Tips: Die Stadt Schärding lebt zum Großteil vom Tourismus. Die Gäste bleiben jedoch seit Monaten aus. Auch hier ist eine Besserung nicht in Sicht. Sind Schärdings Unternehmer von der Coronakrise mehr betroffen als andere?
Schneebauer: Definitiv. Die Touristen sind unser täglich Brot. Davon betroffen sind nicht nur wir Gastronomen, sondern auch der stationäre Handel unserer Stadt. Auch dieser hat mit immensen Umsatzeinbußen zu kämpfen. Deswegen hoffen wir alle auf eine baldige Besserung der Situation. Schärding braucht die Touristen, da brauchen wir uns nichts vorzumachen.
Tips: Wird sich die Wirtshauskultur verändern?

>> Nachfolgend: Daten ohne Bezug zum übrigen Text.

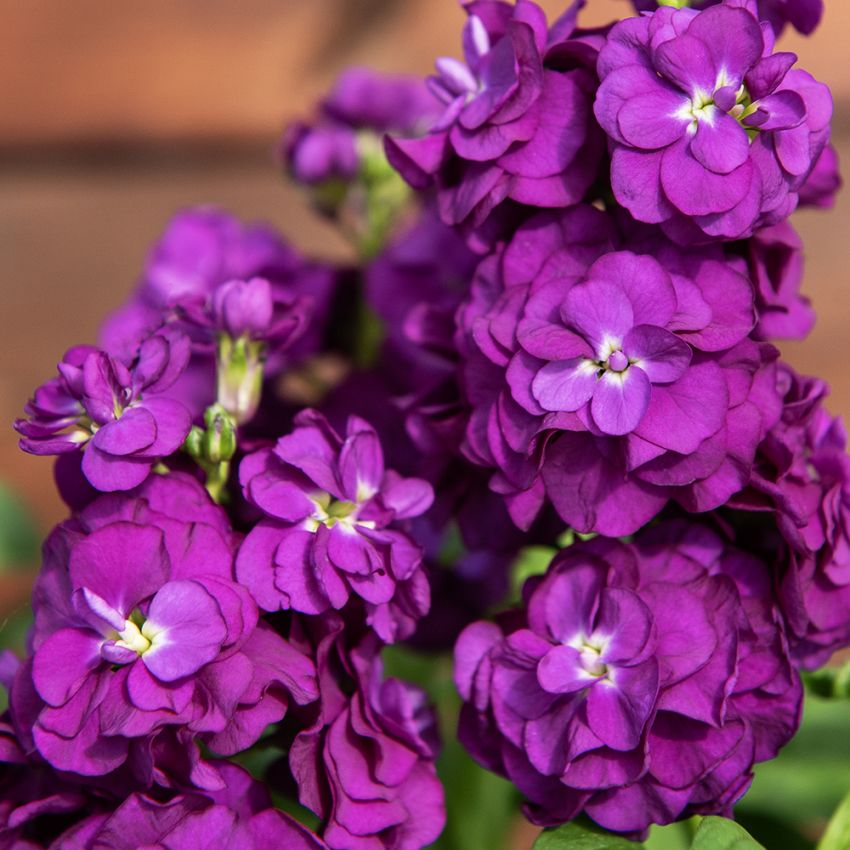 Sommerlevkøj 'Hot Cakes Purple', Dejligt duftende, intenst lilla, dobbelte blomster i tætte spir på kraftige stilke.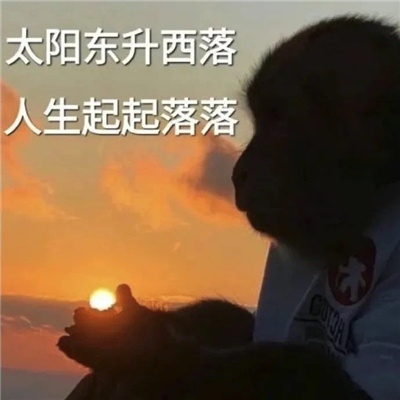 搞怪又有特色的表情聊天必备 太阳东升西落人生起起落落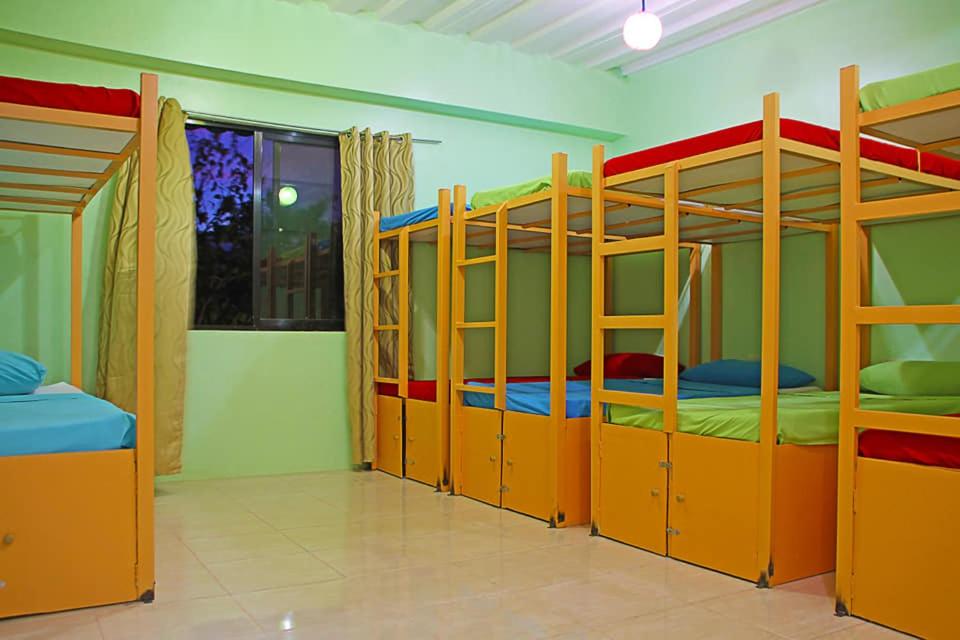 Bunk Bed in Mixed Dormitory Room photo 3
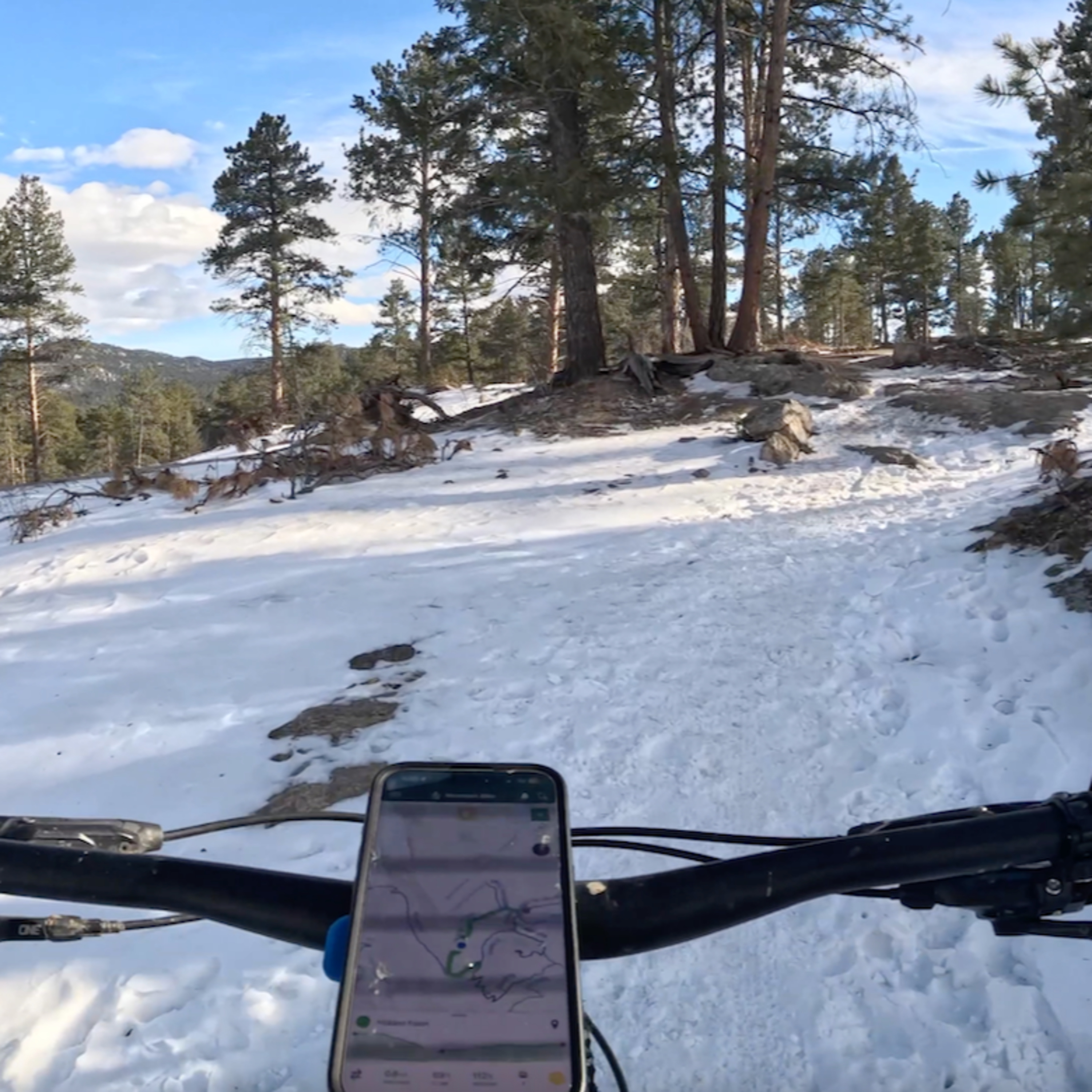 Hidden Fawn - Alderfer Three Sisters Park - Evergreen - Colorado episode artwork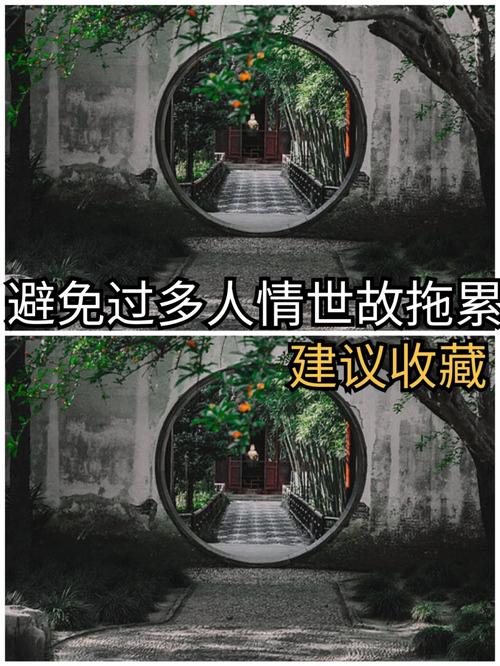 《雨中等待：人情世故的第七关通关攻略》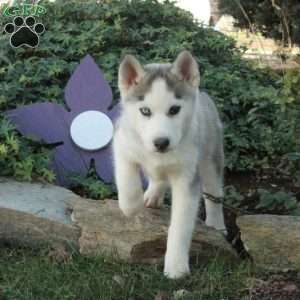 Hannah, Siberian Husky Puppy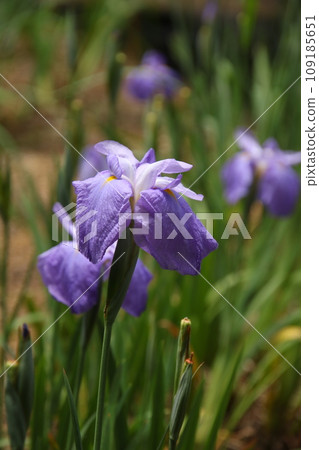 Iris Tenpyo's Dream ⑤ Iris Tenpyo's Dream ⑤ 109185651
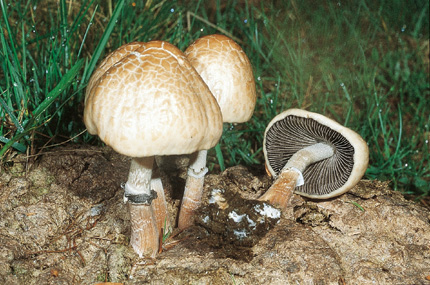 Questo Fungo appartiene alla specie Panaeolus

Schneebauer: Das kann mit Sicherheit passieren. Profitieren von der Krise könnten Fastfood-Restaurants, die schon immer auf Liefer- und Abholservice gesetzt haben. Natürlich hoffen wir alle, dass wieder Normalität einkehrt. Die Leute gehen zum Wirt, weil sie soziale Kontakte pflegen und mit anderen ins Gespräch kommen wollen. Das ist unsere große Hoffnung.